Bauer et al. (2008) wiesen nach, dass die COX-2 eine zentrale Rolle bei der endothelialen Aktivierung von P-Glykoprotein im epileptischen Gehirn einnimmt. Sie zeigten des Weiteren, dass mittels einer selektiven COX-2-Inhibition, jedoch nicht mittels selektiver COX-1-Inhibition, dieser P-Glykoprotein-Anstieg als Folge erhöhter Glutamatkonzentrationen verhindert werden konnte. In Übereinstimmung mit diesen Ergebnissen zeigten Zibell et al. (2009), dass die Behandlung mit Celecoxib den SE-induzierten Anstieg von P-Glykoprotein verhindert. Vliet et al. (2010) fanden, dass die selektiven COX-2-Hemmer SC-58236 und NS-398 ebenfalls die SE-induzierte Expression von P-Glykoprotein verhindern und darüber hinaus den durch spontane

Anfälle erzeugten P-Glykoprotein-Anstieg vermeiden. Denkbar ist, dass die gesteigerte Expression von Multidrug-Transportern im epileptischen Gehirn eine Kompensationsreaktion des Körpers auf die Anfalls-assoziierte Schädigung der Blut-Hirn-Schranke sein könnte (Holtman et al. 2010; Vliet et al. 2010). Zudem haben Multidrug-Transporter physiologische Funktionen, wie den Schutz des Körpers vor Xenobiotika (Huls et al. 2009). Aus diesen Gründen böte die Behandlung mit COX-2-Inhibitoren gegenüber P-Glykoprotein-COX-2-Inhibitoren den Vorteil, dass die basale Expression von P-Glykoprotein nicht beeinträchtig wäre.

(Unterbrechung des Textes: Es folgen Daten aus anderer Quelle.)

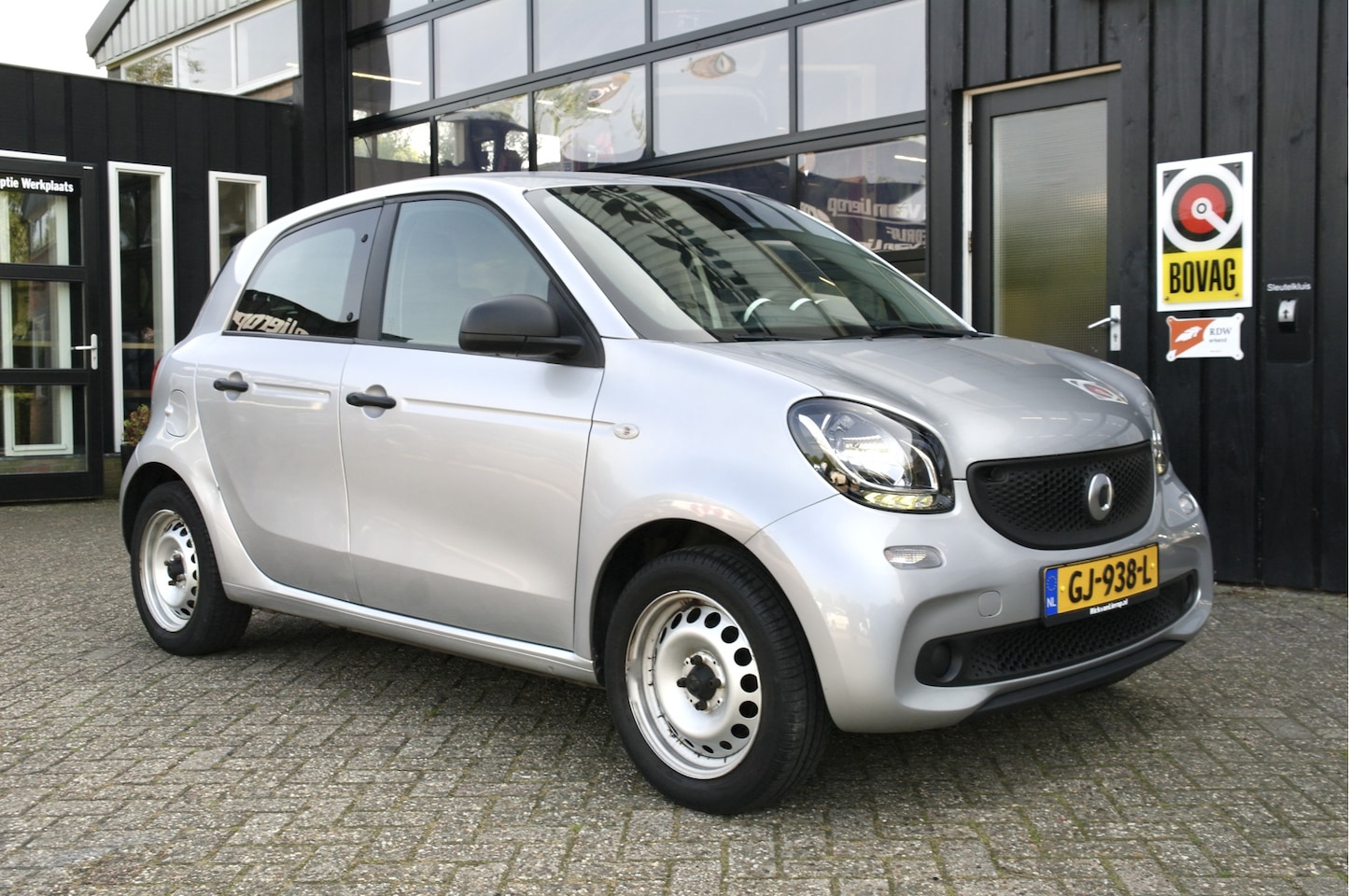 Smart Forfour - 1.0 Pure | NL-Auto | Cruise | Airco | Lage KM - AutoWereld.nl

In der Studie von Vliet et al. (2010) wurde herausgefunden, dass die Behandlung von epileptischen Ratten mit SC-58236 die Aufnahme des Antiepileptikums Phenytoin um 23% steigert. COX-2-Hemmer könnten daher eine pharmakologische Möglichkeit darstellen, die Dosierung von Antiepileptika zu verringern und dennoch therapeutisch wirksame Konzentrationen im Gehirn zu erreichen. Eine niedrigere Dosierung der Antiepileptika würde helfen, ihre Nebenwirkungen zu reduzieren. Zudem ist die Behandlung mit COX-2-Hemmern nach einem Gehirninsult möglicherweise eine Strategie, die Pharmakoresistenz zu überwinden. Schlichtiger et al. (2010) lieferten kürzlich erste Hinweise, welche diese Hypothese unterstützen. So führte die Behandlung pharmakoresistenter Ratten mit Celecoxib zu der gewünschten antikonvulsiven Wirkung einer nachfolgenden Therapie mit dem Antiepileptikum Phenobarbital.